Data under study:
= = = = = = =

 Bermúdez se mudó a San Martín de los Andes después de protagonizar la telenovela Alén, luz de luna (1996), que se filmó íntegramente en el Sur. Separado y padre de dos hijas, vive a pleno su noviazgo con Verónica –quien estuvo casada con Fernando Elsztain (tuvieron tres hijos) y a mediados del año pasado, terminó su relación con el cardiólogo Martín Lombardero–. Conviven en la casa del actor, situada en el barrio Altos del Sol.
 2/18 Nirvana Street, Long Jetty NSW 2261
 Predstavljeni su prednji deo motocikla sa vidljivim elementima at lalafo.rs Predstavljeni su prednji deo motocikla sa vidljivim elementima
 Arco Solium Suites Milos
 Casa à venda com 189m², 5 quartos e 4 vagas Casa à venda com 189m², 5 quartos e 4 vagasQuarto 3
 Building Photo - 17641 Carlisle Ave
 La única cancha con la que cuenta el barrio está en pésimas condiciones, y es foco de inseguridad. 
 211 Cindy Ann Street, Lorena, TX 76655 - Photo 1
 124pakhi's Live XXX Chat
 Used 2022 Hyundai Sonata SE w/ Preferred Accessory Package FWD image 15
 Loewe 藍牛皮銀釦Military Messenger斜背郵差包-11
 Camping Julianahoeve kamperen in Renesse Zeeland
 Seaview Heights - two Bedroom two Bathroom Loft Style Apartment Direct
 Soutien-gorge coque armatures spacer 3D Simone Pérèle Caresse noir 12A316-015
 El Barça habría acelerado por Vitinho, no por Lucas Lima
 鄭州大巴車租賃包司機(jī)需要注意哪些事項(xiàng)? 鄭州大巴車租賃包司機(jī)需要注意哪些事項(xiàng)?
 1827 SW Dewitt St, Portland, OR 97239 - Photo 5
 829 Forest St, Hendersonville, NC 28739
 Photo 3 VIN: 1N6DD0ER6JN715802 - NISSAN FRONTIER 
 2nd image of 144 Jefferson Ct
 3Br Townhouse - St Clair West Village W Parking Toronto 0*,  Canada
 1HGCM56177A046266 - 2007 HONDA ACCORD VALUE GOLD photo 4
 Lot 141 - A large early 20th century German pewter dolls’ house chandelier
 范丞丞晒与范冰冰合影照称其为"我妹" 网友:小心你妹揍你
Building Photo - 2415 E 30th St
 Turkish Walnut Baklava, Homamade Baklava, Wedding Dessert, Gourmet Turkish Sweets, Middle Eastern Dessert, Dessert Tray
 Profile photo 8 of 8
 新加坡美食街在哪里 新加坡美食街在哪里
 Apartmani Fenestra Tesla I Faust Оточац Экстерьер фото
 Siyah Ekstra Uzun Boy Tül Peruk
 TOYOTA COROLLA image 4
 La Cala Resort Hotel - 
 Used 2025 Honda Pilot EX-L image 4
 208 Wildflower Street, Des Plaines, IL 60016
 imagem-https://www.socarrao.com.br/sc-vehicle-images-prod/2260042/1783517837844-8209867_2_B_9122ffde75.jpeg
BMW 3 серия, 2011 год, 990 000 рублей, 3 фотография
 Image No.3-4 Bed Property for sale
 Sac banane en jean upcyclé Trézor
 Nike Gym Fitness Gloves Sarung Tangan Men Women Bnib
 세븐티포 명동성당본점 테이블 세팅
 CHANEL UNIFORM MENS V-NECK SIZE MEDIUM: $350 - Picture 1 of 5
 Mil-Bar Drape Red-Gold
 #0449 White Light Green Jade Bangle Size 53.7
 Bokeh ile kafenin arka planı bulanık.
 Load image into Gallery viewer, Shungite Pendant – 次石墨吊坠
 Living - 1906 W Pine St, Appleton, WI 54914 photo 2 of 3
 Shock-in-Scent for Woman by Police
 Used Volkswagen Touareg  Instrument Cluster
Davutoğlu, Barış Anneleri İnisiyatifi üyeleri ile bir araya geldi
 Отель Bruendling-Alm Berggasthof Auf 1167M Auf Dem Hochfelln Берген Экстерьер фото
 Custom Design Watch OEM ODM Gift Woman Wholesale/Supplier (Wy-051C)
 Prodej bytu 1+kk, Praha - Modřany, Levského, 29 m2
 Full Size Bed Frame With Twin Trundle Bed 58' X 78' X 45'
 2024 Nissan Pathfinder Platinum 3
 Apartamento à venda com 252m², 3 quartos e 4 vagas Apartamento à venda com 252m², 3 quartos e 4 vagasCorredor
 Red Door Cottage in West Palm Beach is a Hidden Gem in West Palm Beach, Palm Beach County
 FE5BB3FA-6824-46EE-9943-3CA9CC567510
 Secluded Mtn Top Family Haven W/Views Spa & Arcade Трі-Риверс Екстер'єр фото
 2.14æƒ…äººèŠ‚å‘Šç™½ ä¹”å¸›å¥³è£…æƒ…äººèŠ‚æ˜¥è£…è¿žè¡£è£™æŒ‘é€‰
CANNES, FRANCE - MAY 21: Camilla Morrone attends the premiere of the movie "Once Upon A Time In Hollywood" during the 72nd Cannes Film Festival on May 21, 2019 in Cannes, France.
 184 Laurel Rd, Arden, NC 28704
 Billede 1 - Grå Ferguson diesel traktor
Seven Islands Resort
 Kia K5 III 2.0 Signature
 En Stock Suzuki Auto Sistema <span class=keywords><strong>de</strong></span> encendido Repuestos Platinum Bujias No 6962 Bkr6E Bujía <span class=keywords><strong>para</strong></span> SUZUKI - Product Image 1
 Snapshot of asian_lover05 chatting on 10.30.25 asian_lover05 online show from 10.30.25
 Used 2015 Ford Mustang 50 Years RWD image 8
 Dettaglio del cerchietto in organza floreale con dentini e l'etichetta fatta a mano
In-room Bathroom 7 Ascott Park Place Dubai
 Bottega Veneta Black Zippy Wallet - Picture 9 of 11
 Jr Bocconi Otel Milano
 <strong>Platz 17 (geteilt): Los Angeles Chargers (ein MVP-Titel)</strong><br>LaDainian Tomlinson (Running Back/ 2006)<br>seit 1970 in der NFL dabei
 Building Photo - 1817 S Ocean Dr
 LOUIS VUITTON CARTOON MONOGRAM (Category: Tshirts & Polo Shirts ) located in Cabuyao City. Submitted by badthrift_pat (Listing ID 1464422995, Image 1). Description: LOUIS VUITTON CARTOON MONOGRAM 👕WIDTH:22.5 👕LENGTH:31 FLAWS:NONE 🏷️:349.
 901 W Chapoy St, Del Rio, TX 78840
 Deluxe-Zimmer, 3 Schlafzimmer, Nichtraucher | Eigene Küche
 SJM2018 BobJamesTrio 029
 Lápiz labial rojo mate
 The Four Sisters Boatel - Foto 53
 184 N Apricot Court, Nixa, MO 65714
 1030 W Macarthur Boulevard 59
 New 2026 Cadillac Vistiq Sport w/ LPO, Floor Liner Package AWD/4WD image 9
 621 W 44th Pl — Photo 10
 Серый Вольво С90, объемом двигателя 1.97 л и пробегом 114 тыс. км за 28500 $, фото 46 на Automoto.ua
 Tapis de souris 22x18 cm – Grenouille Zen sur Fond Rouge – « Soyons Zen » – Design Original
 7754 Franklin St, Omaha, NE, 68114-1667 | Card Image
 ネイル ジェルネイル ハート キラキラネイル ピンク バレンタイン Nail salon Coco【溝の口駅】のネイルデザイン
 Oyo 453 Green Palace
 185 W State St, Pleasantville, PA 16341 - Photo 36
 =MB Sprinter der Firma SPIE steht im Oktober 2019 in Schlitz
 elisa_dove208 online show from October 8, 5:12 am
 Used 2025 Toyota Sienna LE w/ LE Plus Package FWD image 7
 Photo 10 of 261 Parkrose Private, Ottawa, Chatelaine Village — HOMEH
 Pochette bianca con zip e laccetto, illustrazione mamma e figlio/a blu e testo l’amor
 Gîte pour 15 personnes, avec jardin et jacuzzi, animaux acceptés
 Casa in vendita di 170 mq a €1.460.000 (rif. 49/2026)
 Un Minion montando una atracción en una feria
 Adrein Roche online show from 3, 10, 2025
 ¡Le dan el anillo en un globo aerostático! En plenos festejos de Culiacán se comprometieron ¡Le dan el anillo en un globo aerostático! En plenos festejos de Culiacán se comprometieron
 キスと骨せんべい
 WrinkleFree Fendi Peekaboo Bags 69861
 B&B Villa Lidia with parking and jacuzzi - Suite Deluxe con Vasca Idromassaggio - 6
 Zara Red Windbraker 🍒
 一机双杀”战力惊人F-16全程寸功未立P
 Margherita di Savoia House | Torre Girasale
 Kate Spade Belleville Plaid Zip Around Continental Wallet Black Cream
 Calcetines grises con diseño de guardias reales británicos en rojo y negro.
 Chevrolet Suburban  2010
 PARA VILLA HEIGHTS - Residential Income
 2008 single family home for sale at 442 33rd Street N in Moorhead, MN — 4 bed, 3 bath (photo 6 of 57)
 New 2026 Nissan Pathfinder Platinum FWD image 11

= = = = = = =

Task description:
Your task is to retype, exactly and only, the lines from the one with "Zara Red Windbraker 🍒" through the final line above.

Exercise response:
 Zara Red Windbraker 🍒
 一机双杀”战力惊人F-16全程寸功未立P
 Margherita di Savoia House | Torre Girasale
 Kate Spade Belleville Plaid Zip Around Continental Wallet Black Cream
 Calcetines grises con diseño de guardias reales británicos en rojo y negro.
 Chevrolet Suburban  2010
 PARA VILLA HEIGHTS - Residential Income
 2008 single family home for sale at 442 33rd Street N in Moorhead, MN — 4 bed, 3 bath (photo 6 of 57)
 New 2026 Nissan Pathfinder Platinum FWD image 11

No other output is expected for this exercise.